It takes a lot of courage to be in a long-term relationship. You don’t have any control over when it will end and it will eventually break up one way or another because your partner and you always have a choice to stay together or not and because you or your partner will die. This is the reality of every relationship.
Loss is the only guarantee and you can’t save your relationship from this fact.
Of course it’s not the guarantee you want but it is all you get – unless of course you walk out or die first. Can you accept this potential loss?
How can you open yourself up when you know that there’s only loss on the other side? You do this all the time, consciously and unconsciously – living life knowing that you’ll die.
We never want things to change, yet that’s all life is — change. We also believe in cause and effect. For example, if we do everything ”right” for ourselves and for our relationship, everything will work out and be just what we had envisioned. Unfortunately, that’s not how real life always plays out, no matter how hard we try.
As in life, in a relationship there are no guarantees. You’ll desperately want them, but they aren’t possible. Inherent in relationships is loss. You never know when your partner will leave you — either by choice or by death. Or, you might be the one to leave. You can say that will never happen, but this would be imprudent. What if your partner suddenly started behaving in harmful ways? You might have to leave to save yourself. Change is loss; loss is change. Never say never.

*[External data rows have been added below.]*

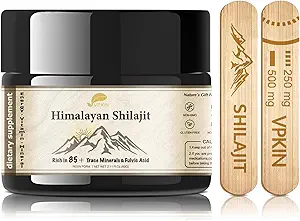 Shilajit Resin Pure Himalaya Natural Organic Shilajit Supplement met Fluvinezuur en 85+ Trace Mineralen voor energie, Immune & Metabolisme Ondersteuning,60 Gram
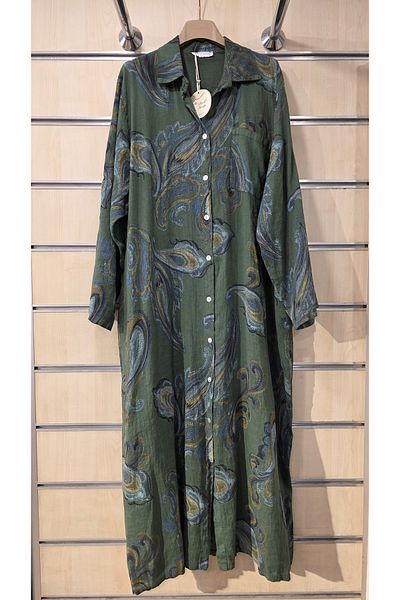 Park Moda Italian Linen Shirt Dress Shawl Pattern Buttoned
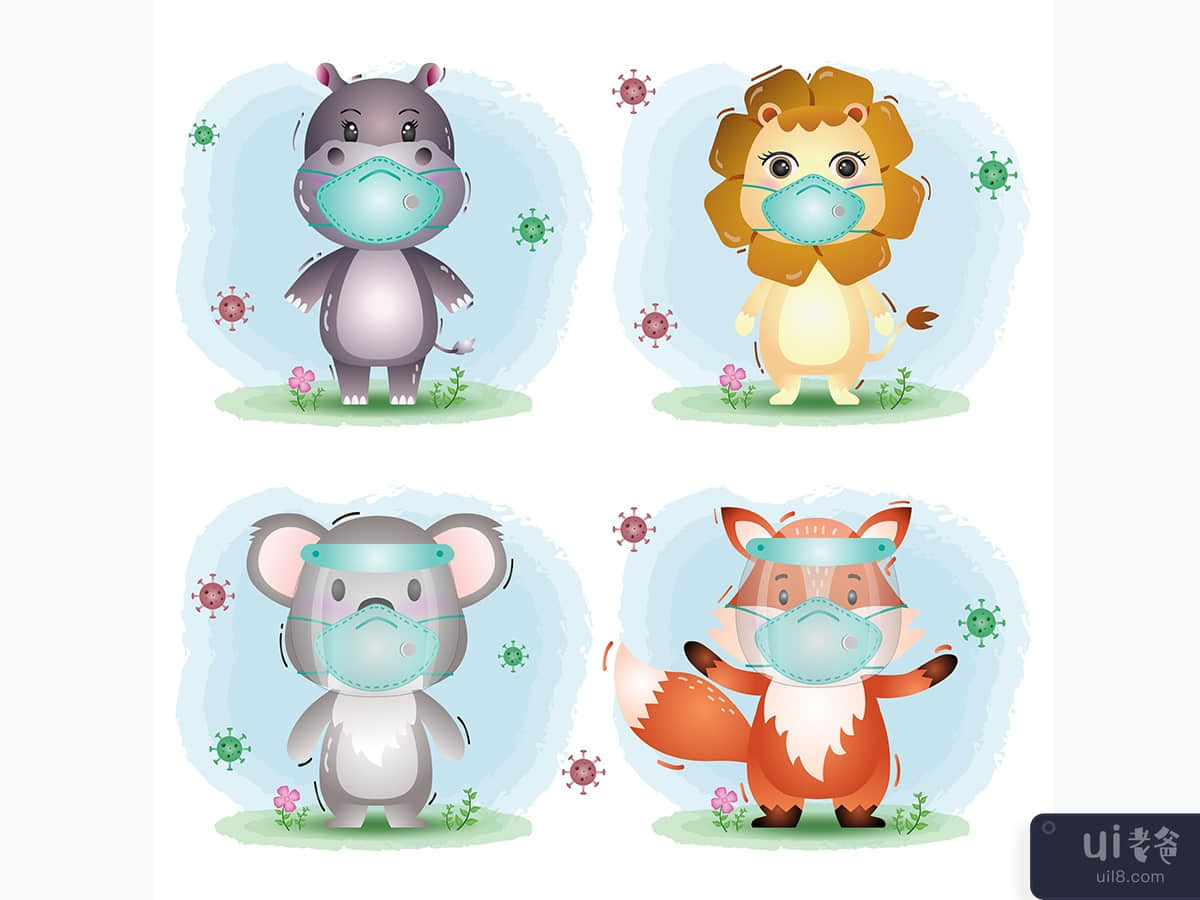 使用面罩和面具的可爱动物：河马、狮子、考拉和狐狸(cute animal using face shield and mask : hippo, lion, koala and fox)插图1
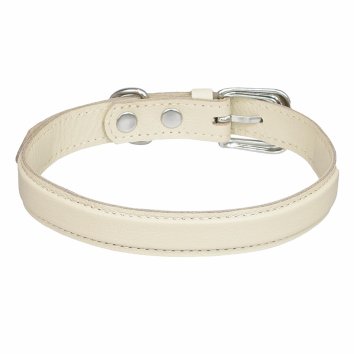 LeLap - Ошейник Beige из натуральной кожи, бежевый
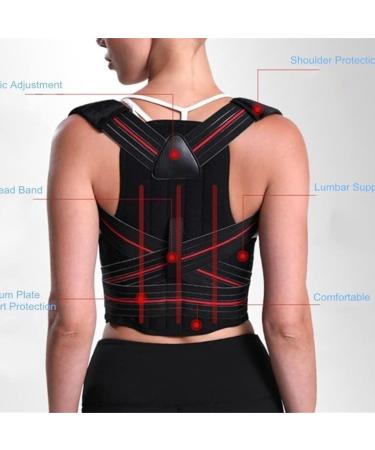 Waist Trainer Adjustable Posture Corrector Back Support Invisible Shoulder Back Brace Lumbar Spine Waist Cincher(X-Large) X-Large Black - Buy Online on GoSupps.com
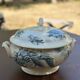 Antique soup tureen, Keller Lunéville earthenware, stamped K, blue decoration.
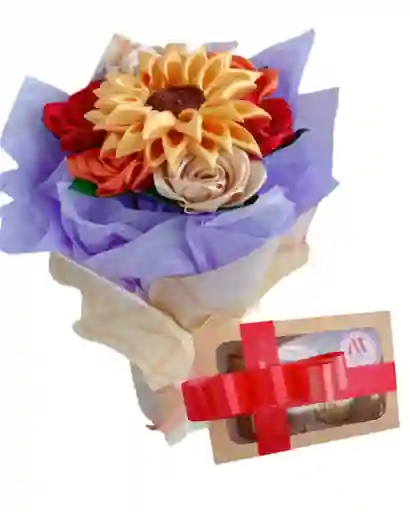 Ramo Rosas Y Girasol Radiante Eterno Con Chocolates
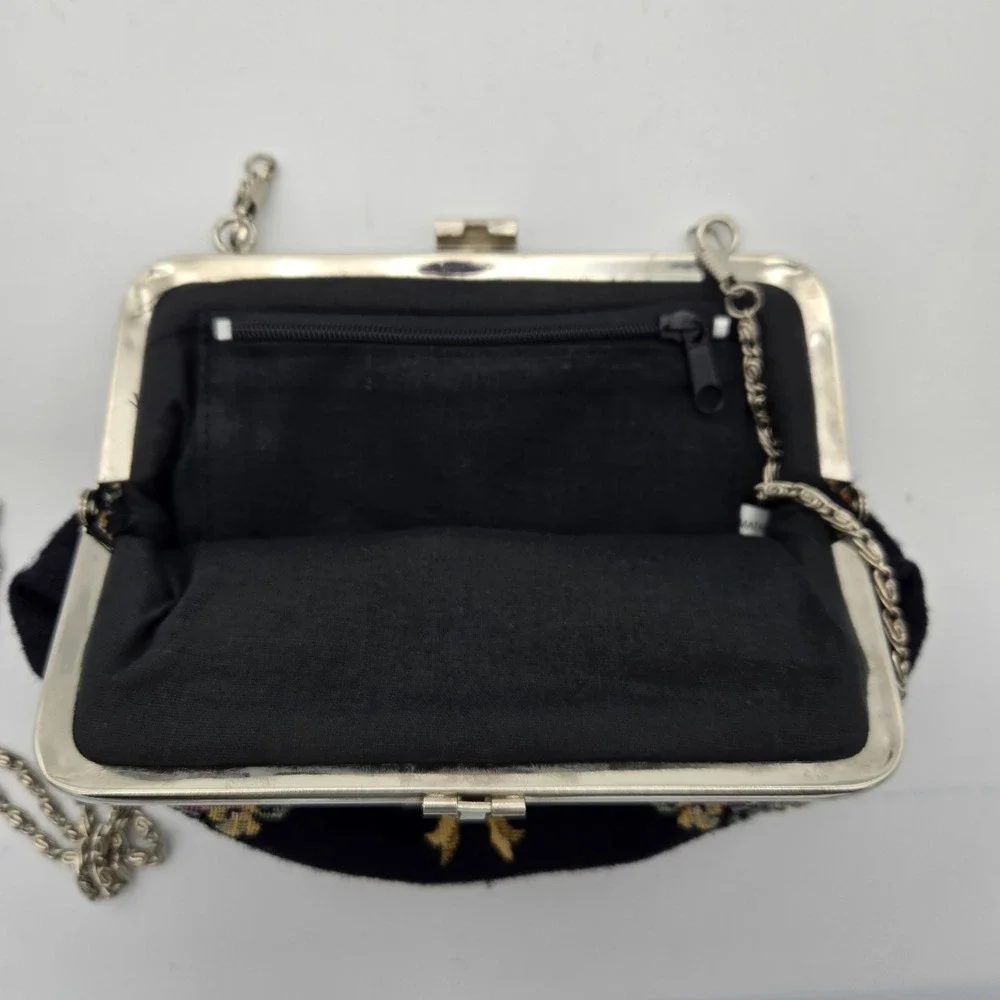 Floral Tapestry Evening‎ Purse 6x7 Baroque Roses Bows Metal Frame Bag Hong Kong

One of the biggest challenges is living the paradox — loving with all your might while knowing that loss is always lurking in the background. When you embrace love, loss comes with it; they walk hand-in-hand, one intensifying the other. It might seem contradictory to say this, but accepting loss is how to save your relationship.
Imagine that you are preparing for the eventual breakup of your relationship, just as this marriage cartoon says. Knowing that loss is part of your relationship, would you appreciate what you have more or less?